TASK REQUIREMENTS: Retype the listing exactly as it stands, and keep every image out.

INFORMATION SUPPLIED:
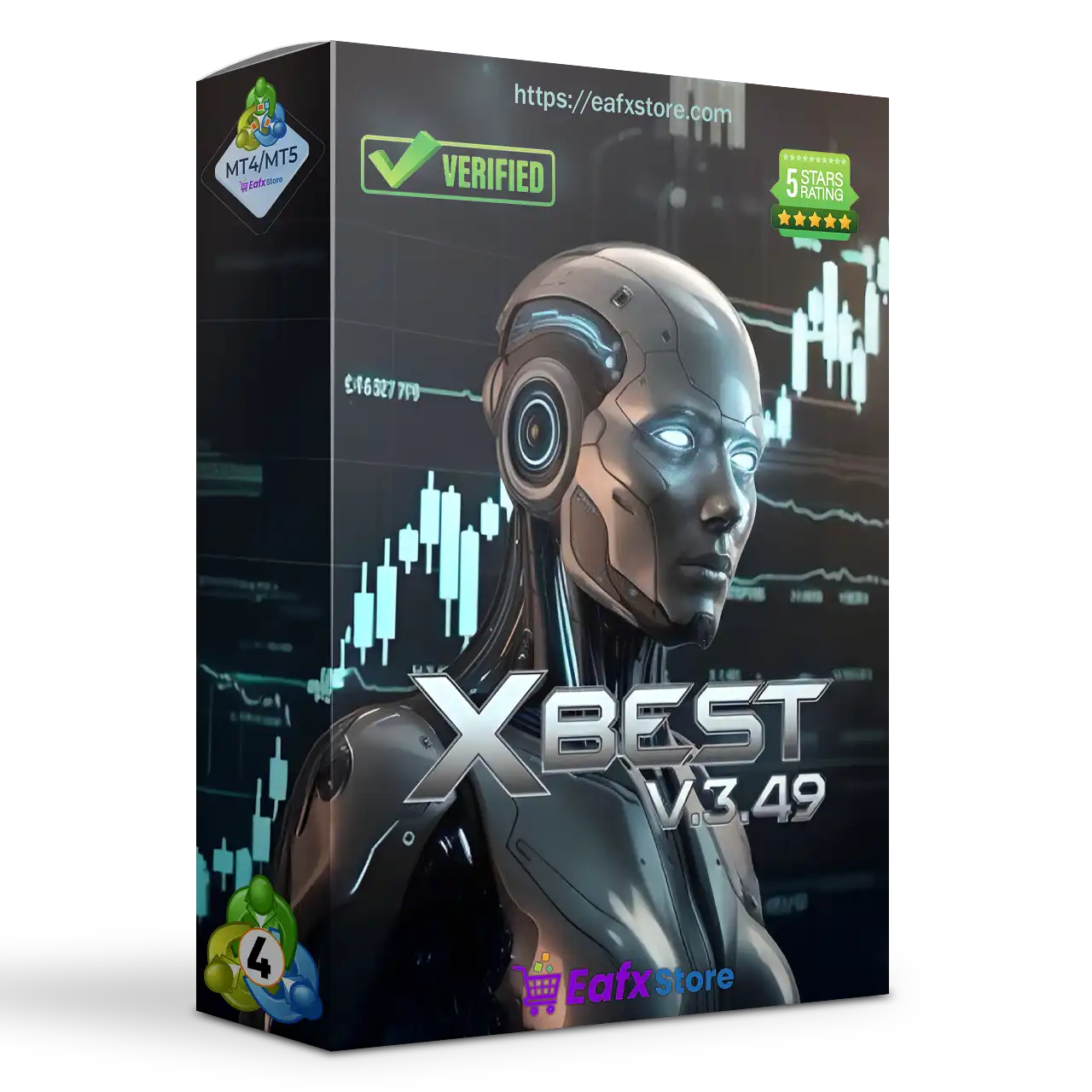 xBest EA MT4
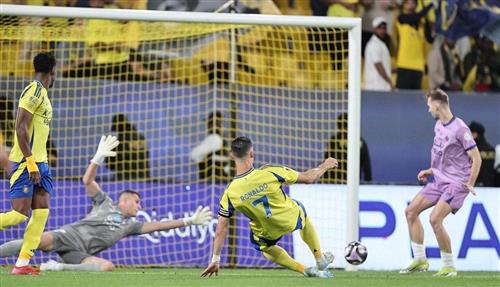 النصر Vs هولود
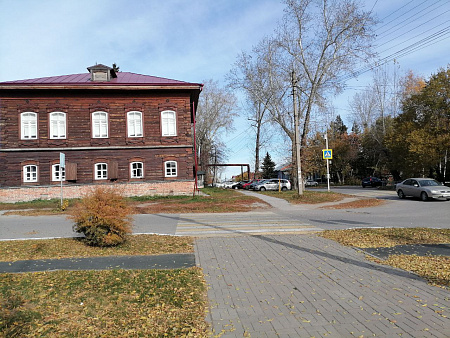 Экскурсия в Колывань. Фото_3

ANSWER BOX:
 xBest EA MT4
 النصر Vs هولود
 Экскурсия в Колывань. Фото_3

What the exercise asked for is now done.